Before the first class contributes any observations, the cumulative frequency is 0, and this point is plotted at the lower class boundary of the first class. (Standard SSCE/UTME mathematics — plotting an ogive (JAMB Syllabus Section V(2)))
18. To estimate the median of grouped data with total frequency N from an ogive, a student should?
The median corresponds to the middle position of the data, so one locates N/2 on the cumulative frequency axis and reads the corresponding value on the horizontal axis. (JAMB UTME Mathematics Syllabus, Section V(2) — 'use ogive to find the median, quartiles and percentiles')
19. Using an ogive for data with total frequency N, the lower quartile (Q1) is estimated by locating which cumulative frequency on the vertical axis?
The lower quartile Q1 marks the point below which a quarter of the observations lie, so it is read off at a cumulative frequency of N/4 on the ogive. (JAMB UTME Mathematics Syllabus, Section V(2) — use of ogive to find quartiles)

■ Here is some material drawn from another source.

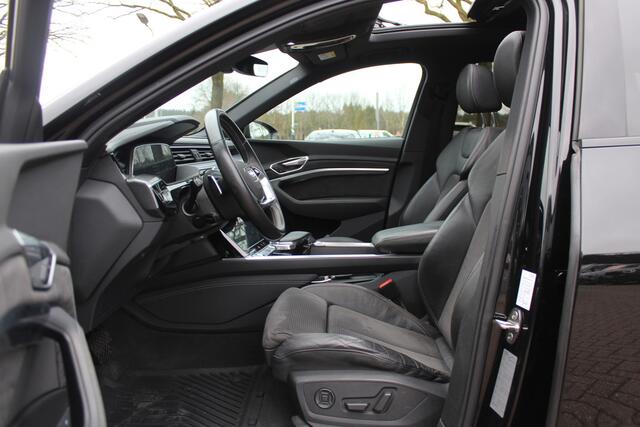 Audi e-tron e-tron 50 quattro Launch edition Black 71 kWh / Panoramadak / 20'' / Luchtvering / ACC / Navigatie / Stoelverwarming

20. Using an ogive, the upper quartile (Q3) of a distribution of total frequency N is read off at a cumulative frequency of?
The upper quartile Q3 is the value below which three-quarters of the data lie, so it corresponds to a cumulative frequency of 3N/4 on the ogive. (JAMB UTME Mathematics Syllabus, Section V(2) — use of ogive to find quartiles)
21. From an ogive drawn for 80 students' scores, the value corresponding to a cumulative frequency of 20 is 22 marks, and the value corresponding to a cumulative frequency of 60 is 38 marks. What is the interquartile range of the distribution?
Since N/4 = 20 gives Q1 = 22 and 3N/4 = 60 gives Q3 = 38, the interquartile range Q3 − Q1 = 38 − 22 = 16. (Standard SSCE/UTME mathematics — interquartile range from an ogive (JAMB Syllabus Section V(2)-(3)))
22. From an ogive drawn for the heights of 120 plants, the value at a cumulative frequency of 30 is 15 cm and the value at a cumulative frequency of 90 is 27 cm. Calculate the semi-interquartile range of the distribution.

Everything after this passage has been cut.